Tri-State Generation & Transmission Association, power supplier to 18 of Colorado’s 22 electric distribution co-ops, announced that it will add 104 megawatts of wind power to its power supply mix with the signing of a power purchase agreement for the output of the Crossing Trails Wind Farm. Tri-State has now invested in five utility-scale wind farms in Colorado, along with four utility-scale solar projects.
Highline Electric Association in Holyoke recently approved a 1.5-megawatt solar project with construction slated to begin in 2019. The 5,700 single-track solar panels will follow the sun and generate enough electricity to power 400 to 500 homes. The Riverview Solar Project will generate 3.8 million kilowatt-hours per year and will provide power to the communities of Sterling, Atwood, West Plains, Iliff and Crook.
White River Electric Association in Meeker recently celebrated the completion of the Piceance Creek Solar Farm, a 5.4-megawatt system that will provide enough energy to power more than 830 single family homes each year. “WREA’s local renewables aren’t about trendy efforts but are projects that are designed to have a positive impact on our community and our rates,” said Trina Zagar-Brown, general counsel and manager of member services at WREA. WREA members will be able to lease solar panels from the solar farm later this year.
Intermountain Rural Electric Association in Sedalia continues to expand its solar capacity with the recent approval of the Sundance Solar project, a 30-megawatt facility near Kiowa that will be energized in 2020. The Sundance project is in addition to an 80-megawatt solar project near the town of Bennett as well as the 13-megawatt Victory Solar farm in Adams County.
Holy Cross Energy in Glenwood Springs recently announced that it will acquire the output of a new 100-megawatt wind farm in 2021. At that time Holy Cross will achieve the greenhouse gas reductions outlined in its “Seventy70Thirty” plan. Under the plan, Holy Cross will provide a 70 percent clean energy portfolio providing electric service to its members by 2030 with no increase in the cost of power. The power from the wind farm is in addition to customer-sited and utility-scale solar projects that are already a part of the Holy Cross system.

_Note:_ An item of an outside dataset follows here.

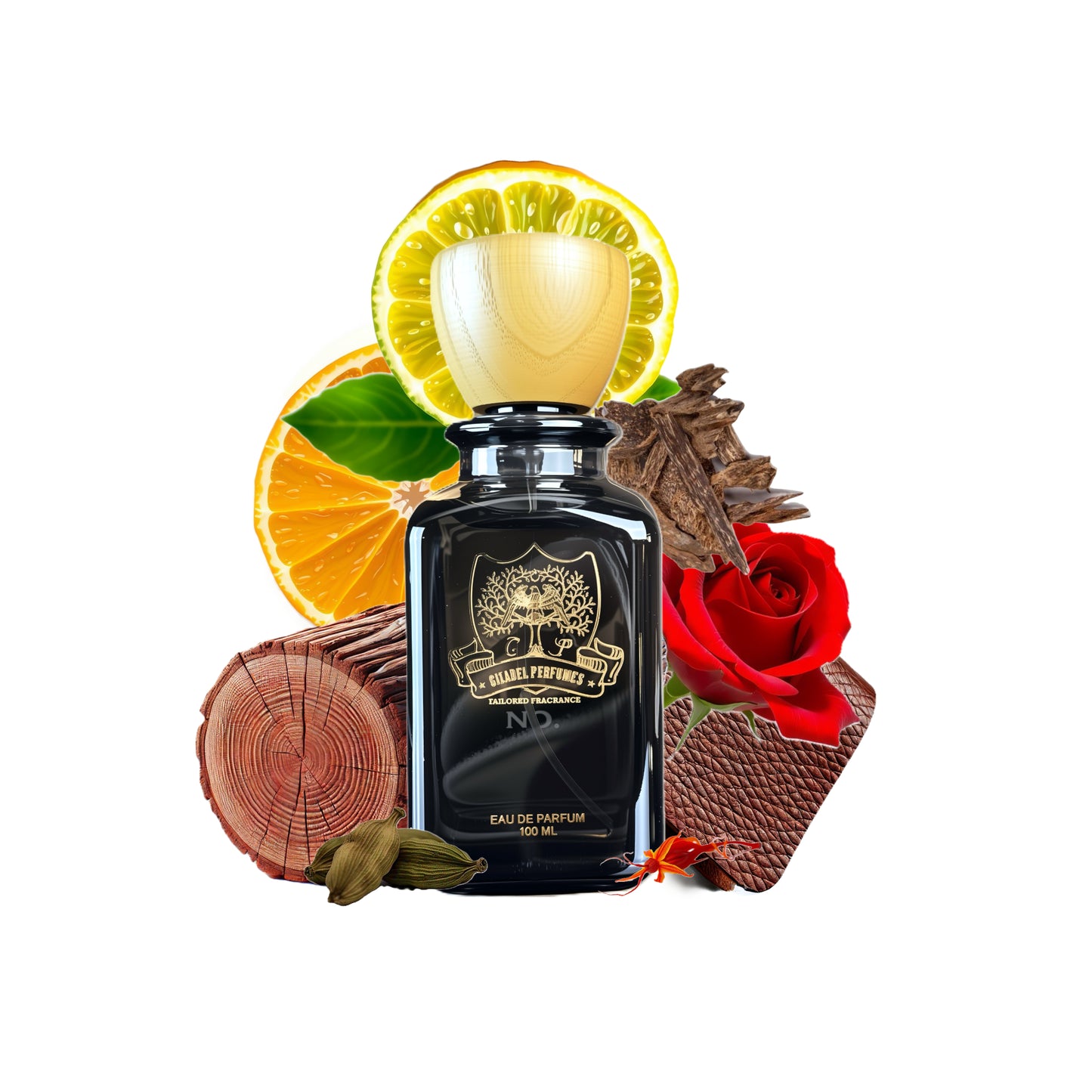 SCENT NO 91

In 2018, Mountain Parks Electric Association in Granby paid rebates totaling $34,260 to its consumer-members who installed renewable energy systems. Mountain Parks also purchases renewable energy from the Granby Dam and the town of Grand Lake’s micro hydropower recovery system and the co-op plans to purchase power from a 1-megawatt solar array that will be built in Jackson County in 2019.
Although the integration of renewable energy into the co-op power supply mix is not new, the pace at which Colorado’s electric co-ops are integrating cost-effective renewable energy sources has never been seen before.
There’s only one word for it: unprecedented.